Notifications You must be signed in to change notification settings

RAVI-CHANDRIKA-05/ANALYSING_DISNEYLAND_REVIEWS_NLP

Repository files navigation

Analysing Disneyland Reviews with NLP

EDA, Word Clouds, Sentiment Analysis, Emotion Detection, Collocation, and Topic Modelling

Project Goal:

Though this NLP study, I wish to identify customer sentiment regarding Disney Land experience based on reviews by visitors. The reviews are from three locations of Disney Land at California, Paris, and Hong Kong.

I used textblob, vader, nltk, NRCLex, spacy, genism libraries in python to carry out sentiment analysis, emotion detection, and n-gram associations. I have also done topic modelling using which we can Identify visitor pain points and improve park experience.

Inspiration: References1!..

Dataset:

The dataset is found in Kaggle containing 42,000 reviews from TripAdvisor about three Disneyland branch locations: California, Paris, Hong Kong.

There are 19,406 reviews about California, 13,630 about Paris, and 9,620 about Hong Kong. Data variables include Review_ID, Rating, Year_Month, Reviewer_Location, Review_Text, and Disneyland_Branch.

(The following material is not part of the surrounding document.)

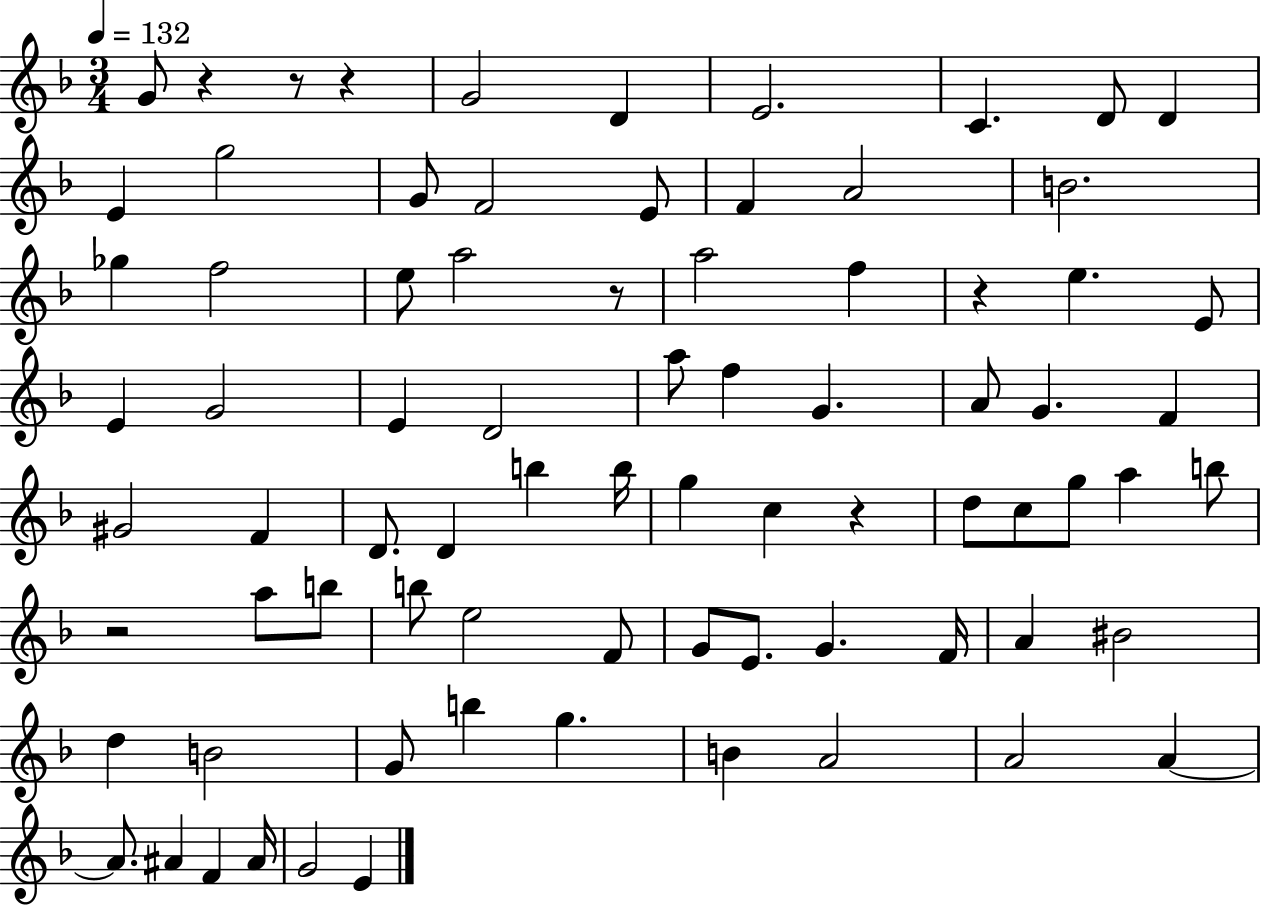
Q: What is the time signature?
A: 3/4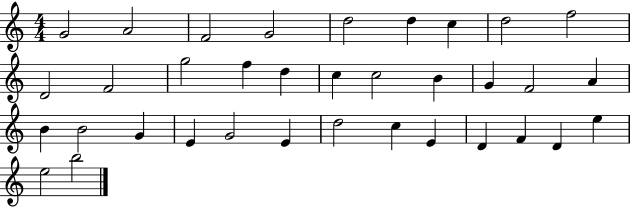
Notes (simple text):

G4/h A4/h F4/h G4/h D5/h D5/q C5/q D5/h F5/h D4/h F4/h G5/h F5/q D5/q C5/q C5/h B4/q G4/q F4/h A4/q B4/q B4/h G4/q E4/q G4/h E4/q D5/h C5/q E4/q D4/q F4/q D4/q E5/q E5/h B5/h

Exploratory Data Analysis:

First step is exploratory data analysis (EDA) to get an idea of average ratings across all locations, how the ratings changed over time and where our visitors are from.

The ratings of DL in California have been decreasing over years, ratings of DL Hong-Kong have been significantly improving, avg Ratings for DL Paris have improved from 2014 but after 2017 there is a sudden decrease.

Visitor nationality is dependent on location — for example most of the Hong Kong visitors are from countries nearby (i.e. Australia, India, Philippines), most of Paris’s visitors are from the United Kingdom, and many of California’s visitors are from the United States.

Word Clouds:

Here are some interesting word clouds to get a general idea of what visitors are talking about in their reviews on Disney Land Visit. Only English reviews are considered also duplicate reviews are removed.

Word cloud for reviews for Disneyland in California

Word cloud for reviews for Disneyland in Paris

Word cloud for reviews for Disneyland in Hong Kong

In general, the reviews from all three locations mention fast passes, lines or queues, visitor demographic, rides and attractions.

Word cloud for reviews for all locations of Disneyland

Sentiment Analysis

Sentiment analysis is basically the process of determining the attitude or the emotion of the writer, i.e., whether it is positive or negative or neutral.

In this section I will take a closer look into the reviews to reveal visitor sentiment. For this step, I used three methods TextBlob, Vader and NLTK.

Sentiment Analysis using TextBlob:

The sentiment function of textblob returns two properties, polarity, and subjectivity.

What is Sentiment Polarity

  • It is the expression that determines the sentimental aspect of an opinion. In textual data, the result of sentiment analysis can be determined for each entity in the sentence, document or sentence.

  • Polarity is float which lies in the range of [-1,1] where 1 means positive statement and -1 means a negative statement.

What is Sentiment Subjectivity

  • Subjectivity quantifies the amount of personal opinion and factual information contained in the text. The higher subjectivity means that the text contains personal opinion rather than factual information.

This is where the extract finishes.